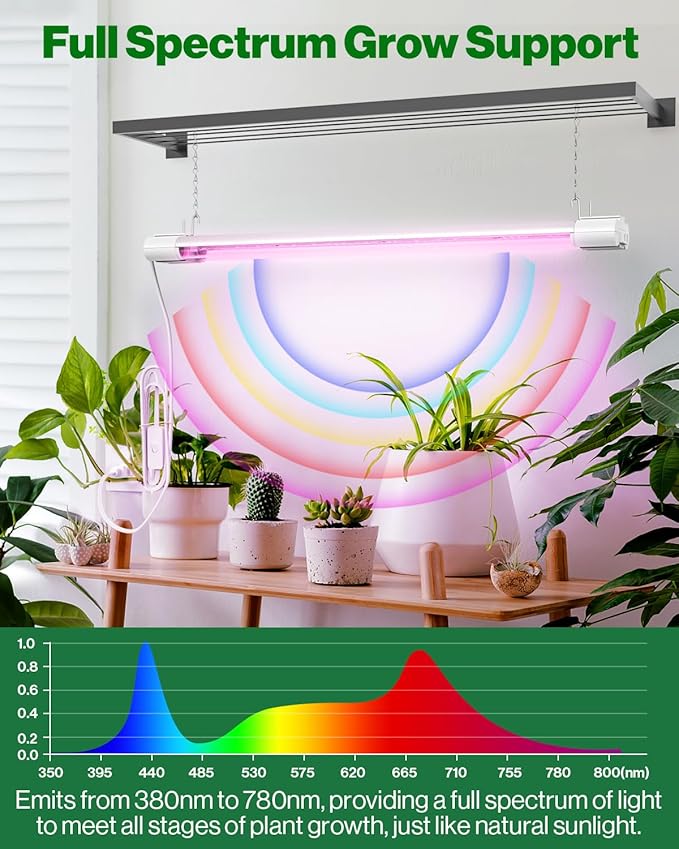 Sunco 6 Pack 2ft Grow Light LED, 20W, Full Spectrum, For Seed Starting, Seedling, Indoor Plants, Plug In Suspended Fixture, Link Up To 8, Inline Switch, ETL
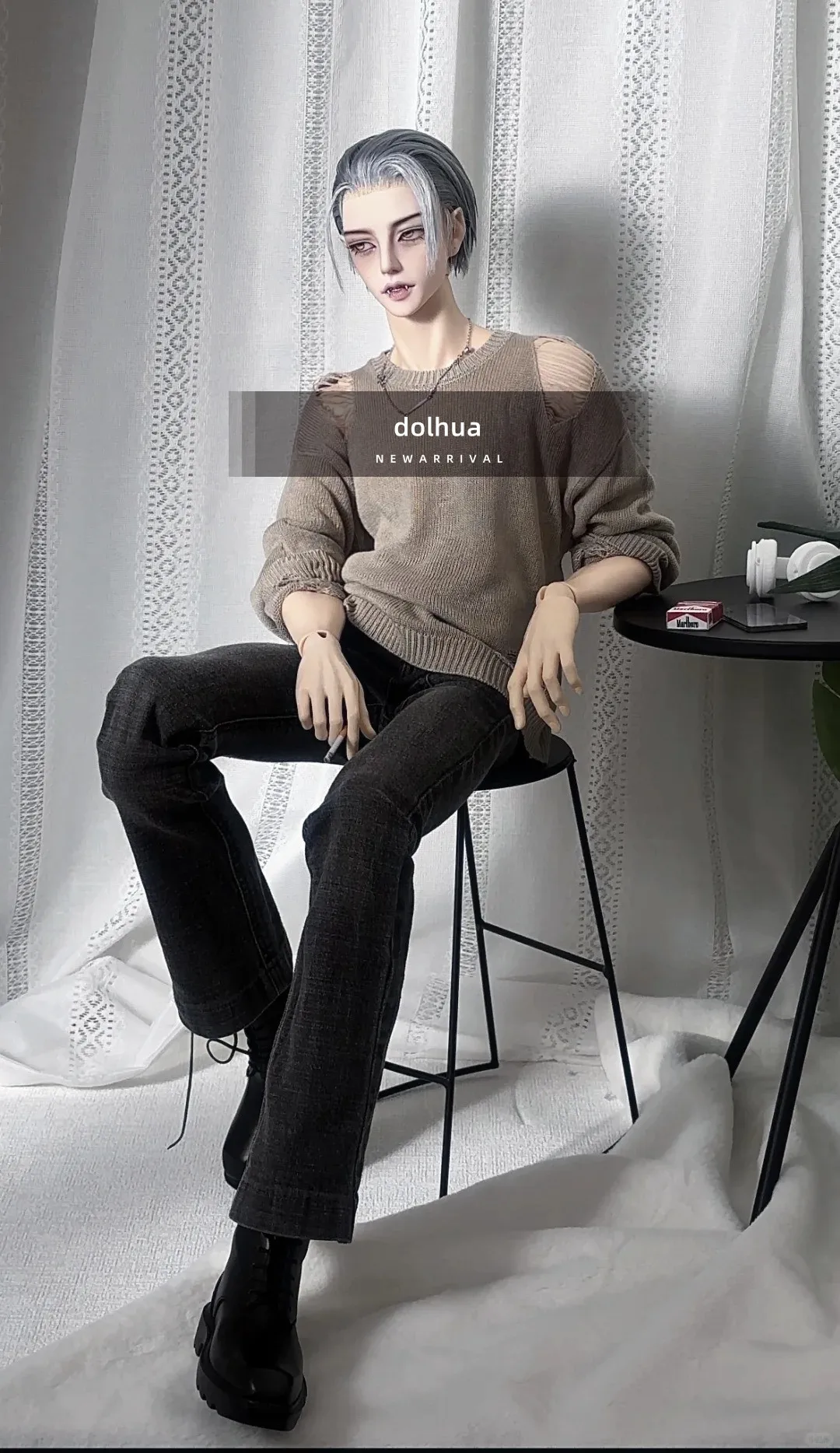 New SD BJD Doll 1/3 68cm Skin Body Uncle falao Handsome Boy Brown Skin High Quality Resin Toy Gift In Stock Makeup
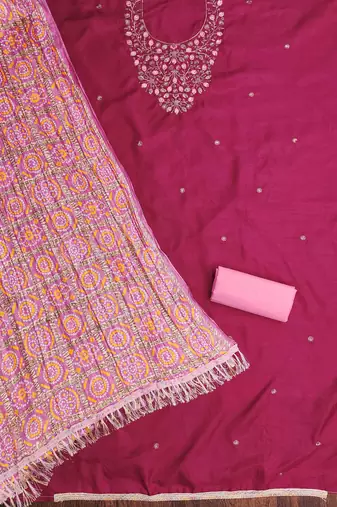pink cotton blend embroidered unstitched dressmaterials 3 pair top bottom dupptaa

────────────────────

# What to work on
Please transcribe each line above exactly, but leave the images out.

# Problem solution
 Sunco 6 Pack 2ft Grow Light LED, 20W, Full Spectrum, For Seed Starting, Seedling, Indoor Plants, Plug In Suspended Fixture, Link Up To 8, Inline Switch, ETL
 New SD BJD Doll 1/3 68cm Skin Body Uncle falao Handsome Boy Brown Skin High Quality Resin Toy Gift In Stock Makeup
pink cotton blend embroidered unstitched dressmaterials 3 pair top bottom dupptaa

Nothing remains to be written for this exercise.